Despite the improvements, long hauls are still a way off, Peel says. “Electric trucks are nowhere near ready to go from Virginia to California.”
Richmond-based Estes Express Lines, the largest privately owned freight carrier in North America, added 12 electric trucks to its fleet in March. It’s a small number compared with the company’s 9,000 tractors that run on diesel, but electric vehicles are a significant part of Estes’ future, says Webb Estes, president and chief operating officer of the shipping company, which specializes in less-than-truckload (LTL) freight delivery over shorter distances than long-haul trucks.
Estes also has 300 electric forklifts — representing 10% of its fleet — as well as two electric straight trucks and an electric yard truck that uses a fifth wheel to move trailers within truck yards and warehouses.
There has been a three-year window between order and delivery, Estes notes, which makes it difficult to scale up the number of electric trucks. “Even if we wanted to try more electrics right now, it’s been over three years since we ordered these trucks, and manufacturers are still trying to learn the best way to build electric trucks.”
The company’s diesel trucks are already very fuel-efficient, able to travel 900-plus miles between fill-ups, so Estes is now testing how electric trucks fit in with the current fleet.
Shipping companies’ efforts to move toward electric vehicles are part of an overall national push to make the United States less dependent on fossil fuels. Although electric trucks cost about three times as much as diesel trucks, they offer long-term savings on fuel and maintenance.
In August 2022, President Joe Biden signed the Inflation Reduction Act, which offers tax credits to business owners who purchase electric vehicles for work use, up to $40,000 for larger trucks. The act took effect in January.
“We are not doing this because we think these trucks are going to save us a bunch of money; we’re doing it because it’s the right thing to do,” Estes says. “And the best way to move the technology forward is to have good partners to test these things.”
Many businesses have instituted environmental sustainability goals that attract customers and talent, as well as lowering operation costs.
Kate Staples, director of electrification at Dominion Energy Inc., says the Fortune 500 utility’s electric grid is about 40% carbon-neutral.
“When you’re powering with gasoline or diesel, [the environment is] not going to get any cleaner,” she says, adding that electric trucks are exhaustless and noiseless. However, Staples notes, most companies are buying electric trucks only when an older truck is retired.

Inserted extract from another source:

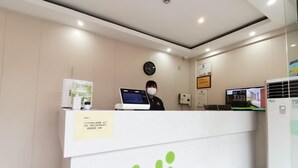 A reception desk with a computer, a clock, and a refrigerator. - Shanghai Jinrui Hotei （Linyi Road ） (Shanghai)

Also, upfront costs are significantly higher for electric trucks, even though companies save on fuel. A diesel truck costs about $110,000, while electric trucks are more than $300,000, although Staples expects initial costs to decrease as more users buy electric vehicles and governments create tax incentives.
Peel notes the main cost comes from electric vehicles’ lithium batteries, which run about $25,000 per 100-kilowatt pack, although he anticipates “huge advances in battery technology” that will drive vehicle purchase costs down.
“There’s still a cost to charge the truck,” however, Peel says. “The pro here is 100% sustainability … but we would love to start seeing some legislation to help with the cost,” such as tax breaks or sustainability grants.
In 10 years, Estes predicts, electric tractor-trailer manufacturers will significantly advance electric truck technology — including allowing for longer distance drives. “The industry is going to have to find a way to get a truck that can at least travel 600 miles electric to really kind of transform the conversation.”